Foto: Thomas B. Jones. Ahrifamikill Island
Du bis ja deutsch – amerikaner. Deine Familie lebt ja, soweit ich das verstanden habe, in den USA. Ist die Entfernung schwer für euch oder habt ihr euch da gut arrangiert?

Die eine hälfte der Familie lebt in den USA und da ist es tatsächlich so, das der Kontakt über 20 Jahre quasi gar nicht da war. Deshalb ist das Maß an Kontakt das wir heute haben, für mich so auch in Ordnung. Ich versuche alle zwei Jahre in die USA zu fliegen und Zeit mit ihnen zu verbringen.
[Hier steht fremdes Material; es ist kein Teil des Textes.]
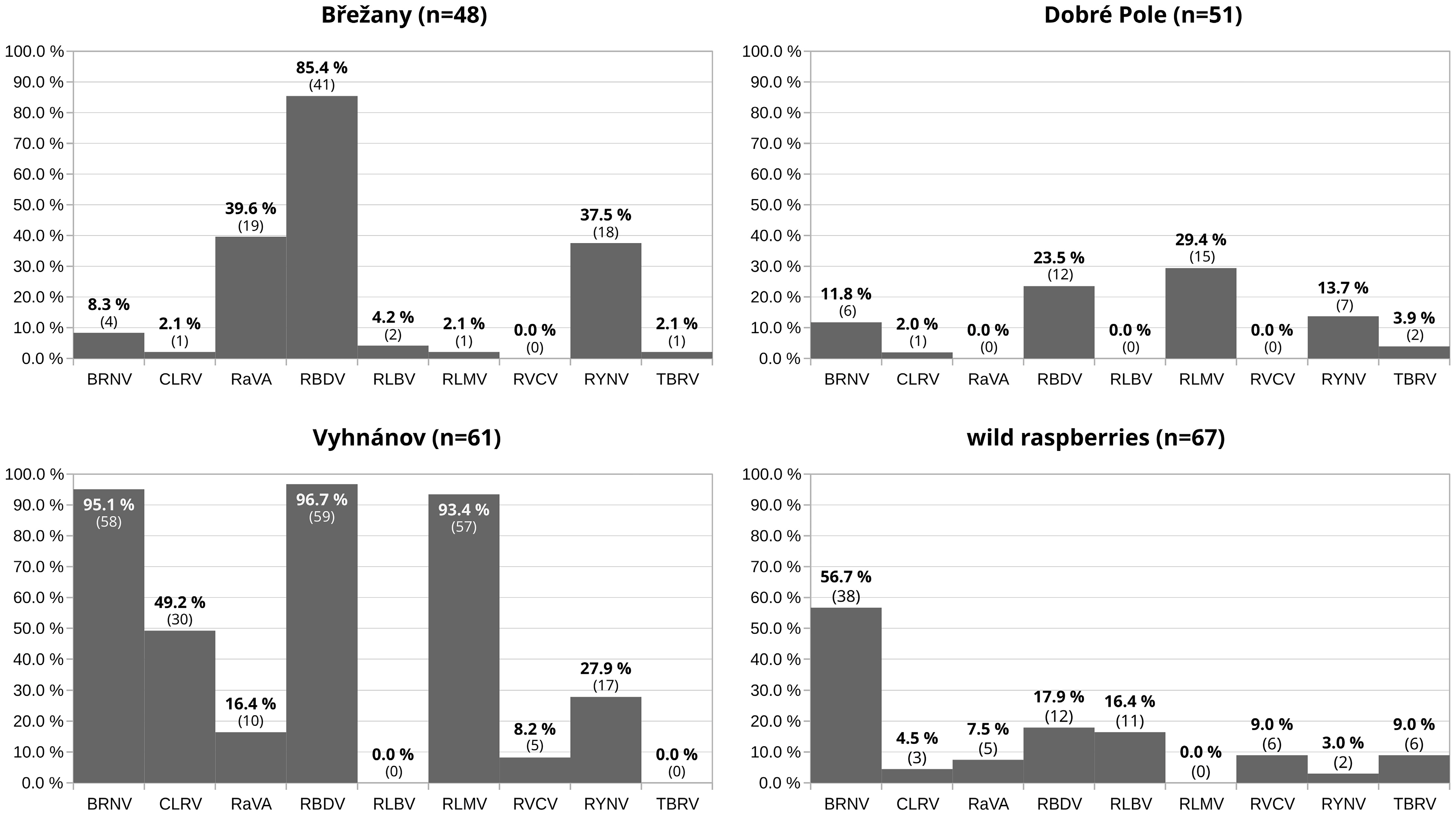 Viruses 17 01597 g003 Viruses 17 01597 g003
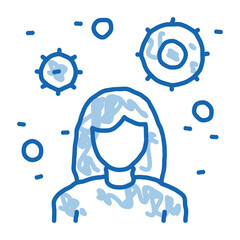 female virus carrier doodle icon hand drawn illustration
Aber das letzte Jahr hat das natürlich verhindert. Ich freu mich auf jeden Fall sie hoffentlich bald wieder besuchen zu können.

Wie kamst Du zur Fotografie?

Über die Musik. Ich habe früher viel Musik gemacht und bin mit meinen Bands getourt und war nach jedem Konzert enttäuscht wenn es keine coolen Bilder von uns und unserer Show gab (von der ich sehr überzeugt war 😉). Deshalb habe ich angefangen selbst auf den Konzerten und Backstage zu fotografieren. Über die Jahre kam das eine zum anderen und irgendwie bin ich dann bei den Hochzeiten gelandet. Da habe ich dann ein Gewerbe angemeldet und die Fotografie „professionalisiert“.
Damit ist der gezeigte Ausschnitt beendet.